Jojo membuka gim pertama dengan dua smash mematikan. Namun, Tanaka yang berusia 26 tahun langsung bangkit setelah tertinggal 3-0. Permainan kombinasi net dan smash menyilang pemain Jepang itu sempat membalikkan kedudukan menjadi 5-4.
Pertarungan poin demi poin terjadi. Kedua pemain saling kejar hingga skor sama kuat 11-11. Di momen krusial ini, Jojo menunjukkan ketenangannya. Smash dan permainan netnya lebih klinis. Meski sempat tertahan di angka 17-17 dan 19-19, mentalitas Jojo menjadi pembeda. Ia menutup gim pertama dengan skor 21-19.

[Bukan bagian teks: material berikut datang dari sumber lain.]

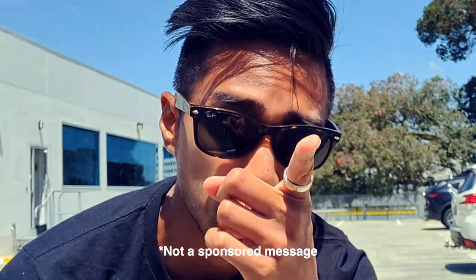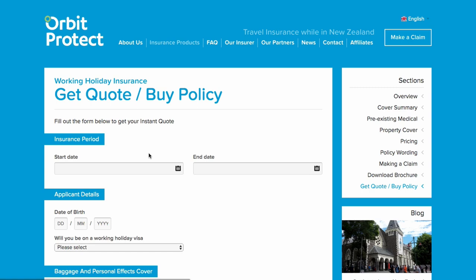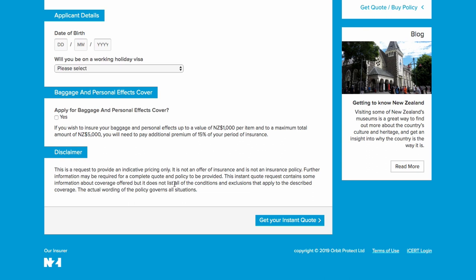One thing I forgot to mention: medical insurance. Immigration New Zealand is going to ask for confirmation that you have medical coverage for the next year. We've stuck with Orbit Protect — I mentioned them in my last video. They offer really good rates and they don't sponsor me. You just go on their website, sign up for an additional 12 months of coverage, and they get back to you almost instantaneously with a certificate. You print a physical copy and put that in the envelope with your passport, application, and visa photos.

Memasuki gim kedua, Tanaka tampil lebih agresif. Ia sempat memimpin 3-2 dan menjauh 6-3. Jojo tidak tinggal diam. Lewat serangan smash keras, ia menyamakan kedudukan menjadi 8-8.
Adu teknik kelas dunia tersaji di Istora. Jojo berhasil unggul tipis 11-10 saat interval. Pertahanan solid Jojo saat menghadapi smash Tanaka yang tampak mematikan menjadi kunci. Usai interval, Jojo terus menjaga jarak dan sempat unggul 17-13.
Fase kritis terjadi saat kedudukan 19-17. Jojo mencapai match point di angka 20-18, namun Tanaka tak menyerah. Duel sengit berlanjut hingga akhirnya Jojo menutup gim kedua dengan skor 24-22.
Kemenangan ini memastikan langkah Jonatan Christie ke babak semifinal Indonesia Open 2026. Ia akan berhadapan dengan pemain Thailand, Panitchaphon Teeraratsakul, pada Sabtu (6/6).
Pertandingan ini menjadi bukti konsistensi Jojo di turnamen kandang. Dukungan penuh dari suporter di Istora Senayan menjadi energi tambahan bagi peraih medali emas Asian Games 2018 tersebut.